Beim ersten Mal muss man wirklich gut aufpassen, wenn man die Drehtür, präziser formuliert, den kreisrunden Glaskäfig beim großen Kinocenter in Graz betritt beziehungsweise durchschreitet. Schon der Eintritt ins lärmende Augen-, Hör- und Tastparadies der „fun-world“ ist ein inszeniertes Ereignis, pardon, ein „event“. Da verwandeln sich sogar die Türen in bewegliche, sinnliche, medial aufgeladene Eintrittsmaschinen. Überraschenderweise befinden sich für all jene, die mit solchen Türen nicht umgehen können oder wollen, rechts und links vom rotierenden Glaskreisel, zwei stinknormale Glastüren mit Klinke.

Drehtüren, Schwingtüren. Die Tür als Erlebnisobjekt. Gleich am Eingang. Spektakulär. Den Besucher von vornherein gefangen nehmen. Alles nur zum Spaß. Freude, Friede, Eierspeis. Dahinter steckt aber Berechnung, System. Die Eingangstüren verblüffen, bringen Bewegung mit sich, Gelächter ist immer wieder zu hören. 2 Meter hohe Filmplakate an den Wänden der beweglichen Tür ziehen die Blicke auf sich und sorgen für permanente Wortspenden der Eintretenden. Riesenposter der Filmschauspielerinnen und Idole und Filmausschnitte lassen den spärlich eingesetzten adventlichen Raumschmuck daneben recht blass aussehen.

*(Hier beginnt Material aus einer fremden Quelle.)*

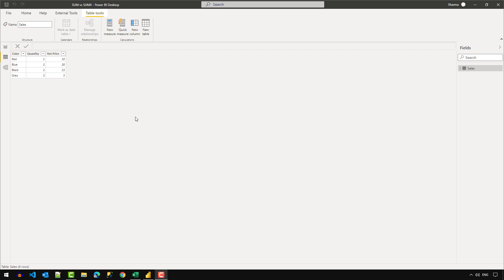Hey everyone, welcome to another video. In this video, let's talk about the SUM and the SUMX function in DAX. Before that, I want to talk about the difference between the SUM function in Excel and the SUM function in DAX.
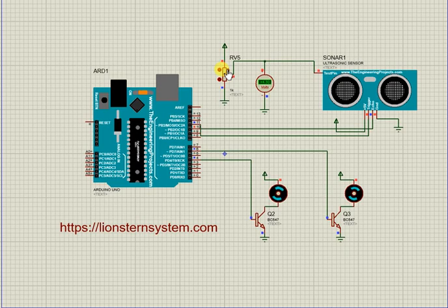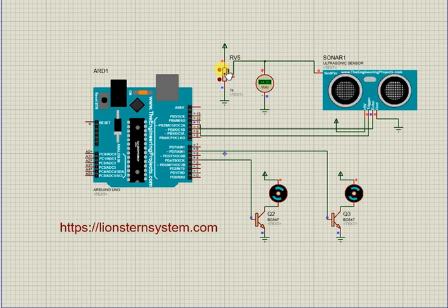So this is just a simple demonstration which can also be expanded to any level. Thank you very much for listening. The source code and the simulation will be on our website, www.lionstersystem.com. Thank you for watching.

Die Drehtüren haben etwas Magisches an sich. Sie öffnen einen schmalen Spalt, der sich rasch vergrößert, lassen einen eintreten und bieten jedem die Möglichkeit im Schwung des Hereinkommens gleich wieder hinauszugehen. Oder 1 – 2 Runden zu drehen. In Schwung zu kommen. In einem Großkaufhaus hat man in der Mitte einer solchen Drehtür das wöchentliche Super-Sonderangebot aufgebaut. Natürlich grell beleuchtet. Eintreten und sofort die Aufmerksamkeit auf die Ware lenken. Die Chance, gleich wieder die Flucht zu ergreifen, wollte niemand nützen. Ausgenommen jenes kleine Kind, das die kurze Zeitspanne, in der sich die „Tür“ als freigewordene Öffnung anbietet, versäumt hatte und bitterlich weinend erschrocken noch einmal im Kreis ging. Um endlich hineinzukommen. Im Kreis gehen. Im Schwung einer Spieltür. Für den lustvoll agierenden Käufer. Spielerisch. Ein Bild für den Advent? Für den Menschen des Advents?

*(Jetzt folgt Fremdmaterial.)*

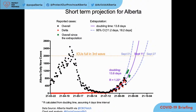2,000 daily cases is the level when our ICUs were full in the third wave. The cases didn't decouple from hospitalizations and ICUs in Alberta — the proportion is the same or even a little bit higher than it was in the third wave.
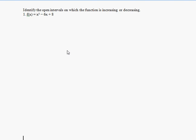We're going to look at where a function is increasing and decreasing. Our first example is pretty straightforward — it's just a parabola. So let's take a look at the graph.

In einem Film von Henri Bresson verbringen die Darsteller die meiste Zeit damit, Türen zu öffnen, hereinzukommen, diese zu schließen, wieder hinauszugehen und hereinzukommen, und das alles in einem extrem komprimierten Zeitraum. Türen öffnen, durchschreiten, Türen als Spiel-Zug. Spiel-Zeug? Die meisten Türen wollen und müssen überwunden werden, erobert! In vielen Märchen gibt es die „Türen der Wahrheit“: Man kann sie nicht durchschreiten, ohne „entlarvt, durchleuchtet, erkannt“ zu werden. Bei der „Frau Holle“ gibt es sie: die eine wird mit Gold überhäuft (belohnt), die andere mit Pech überschüttet (bestraft). Drehtüren erinnern mich an solche „Wahrheitstüren“. Sie sind nicht nur „märchenhaft“ gestaltet, sie verzaubern uns. Sie drängen uns in den Leerlauf einer Unterhaltungsgesellschaft, die nur mehr das Spektakuläre und Reißerische sucht. Auch im Advent.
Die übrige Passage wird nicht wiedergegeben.